The IMO’s greenhouse gas (GHG) strategy is shaped with express reference to the Paris Agreement, the key element of which is to cut greenhouse gas (GHG) emissions with a view to “holding the increase in the global average temperature to well below 2°C above pre-industrial levels and pursuing efforts to limit the temperature increase to 1.5°C above pre-industrial levels”. 

In pursuit of this goal, the IMO set out its ambitions in 2018 in its initial GHG strategy, targeting a 40% reduction in CO2 intensity by 2030, a 70% reduction by 2050, and a 50% reduction in all GHG by 2050, all with reference to 2008 levels. 
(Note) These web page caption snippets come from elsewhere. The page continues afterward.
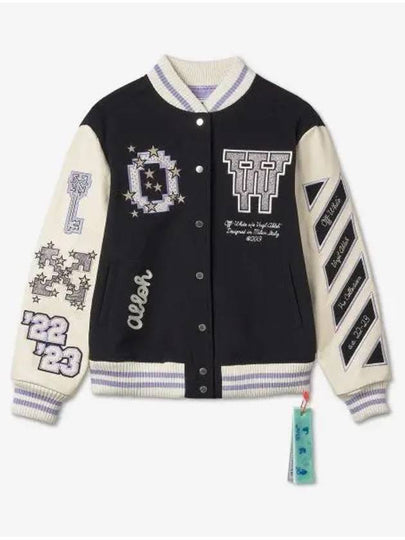 Women's Bling Patch Varsity Bomber Jacket Black - OFF WHITE - BALAAN 2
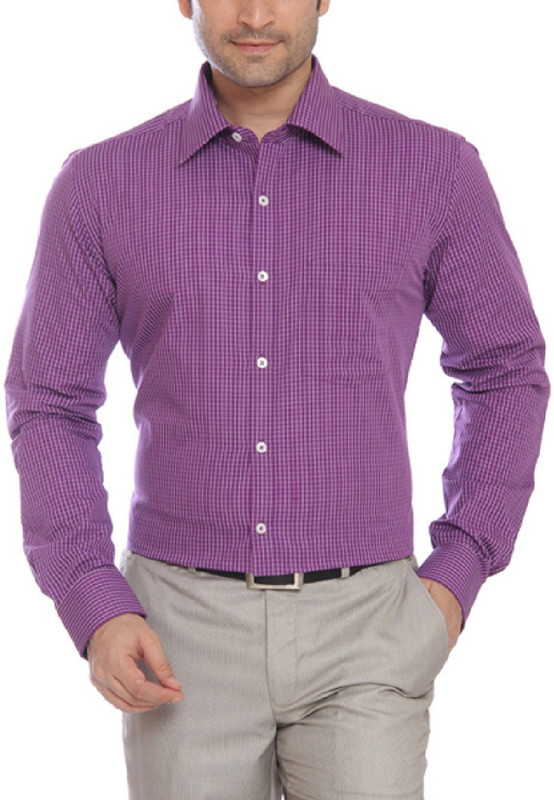 Park Avenue Men Checkered Formal Purple Shirt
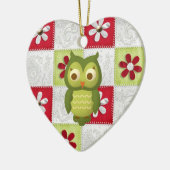 Weihnachtseule Keramikornament (Links)
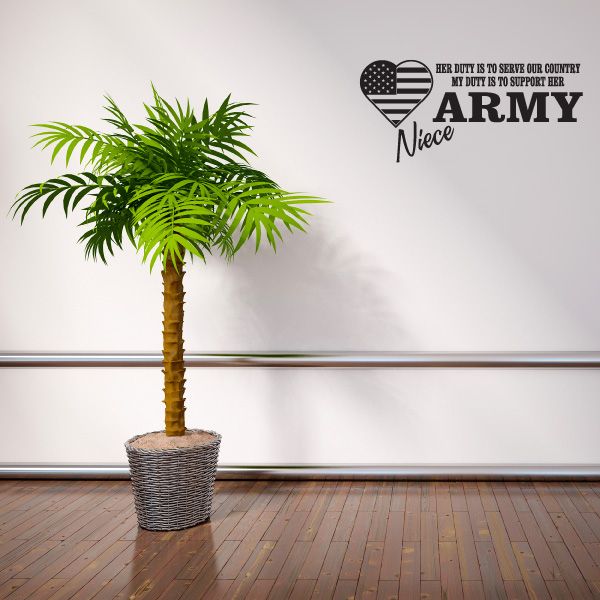 Wall decal with American flag heart and “Army Niece” text for serving country
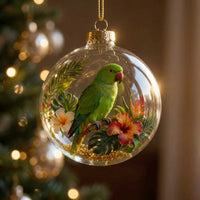 Shatterproof Feathered Bird Ball Ornament Lifelike Design 3D Bird Christmas Ball Glitter Accent Holiday Decoration for Easter, Xmas, Christmas, Halloween, Homeowners, Families, Window Display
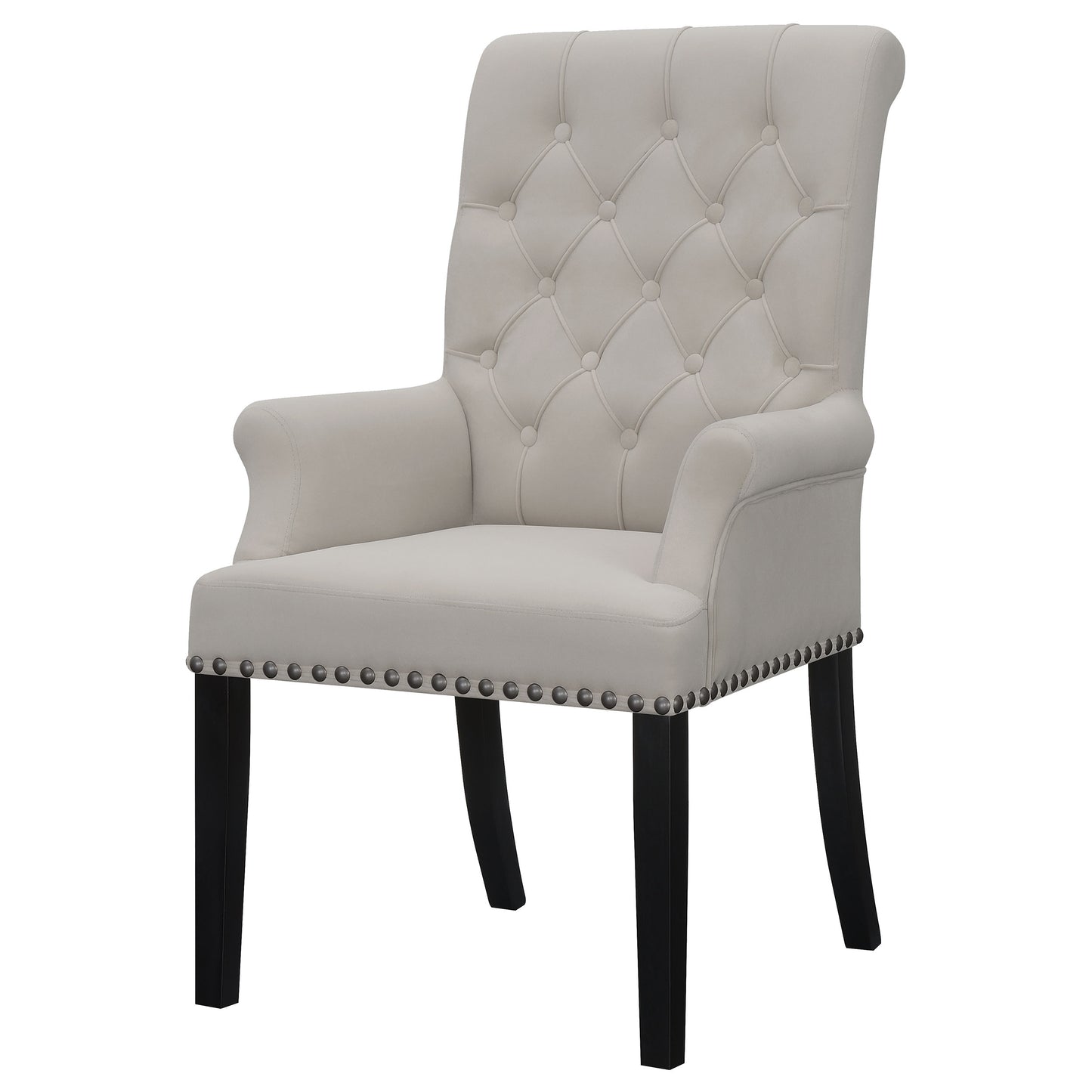 Alana Velvet Upholstered Dining Arm Chair Sand - Discount Furniture Connection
Perhaps inevitably, given the breadth of views across the shipping sector, opinions differ regarding the targets set out under the IMO’s initial GHG strategy: on one side there are those who argue that the targets set out in the IMO’s initial GHG strategy are insufficient to achieve a pathway to the 1.5°C target, and who call for greater reductions; on the other side there are those who argue that the IMO’s existing targets are unrealistic, especially when consideration is given to real-world challenges such as the long life of ships and the risk of stranded assets, and the need for infrastructure and sufficient quantities of new fuels in addition to the technology on ships. 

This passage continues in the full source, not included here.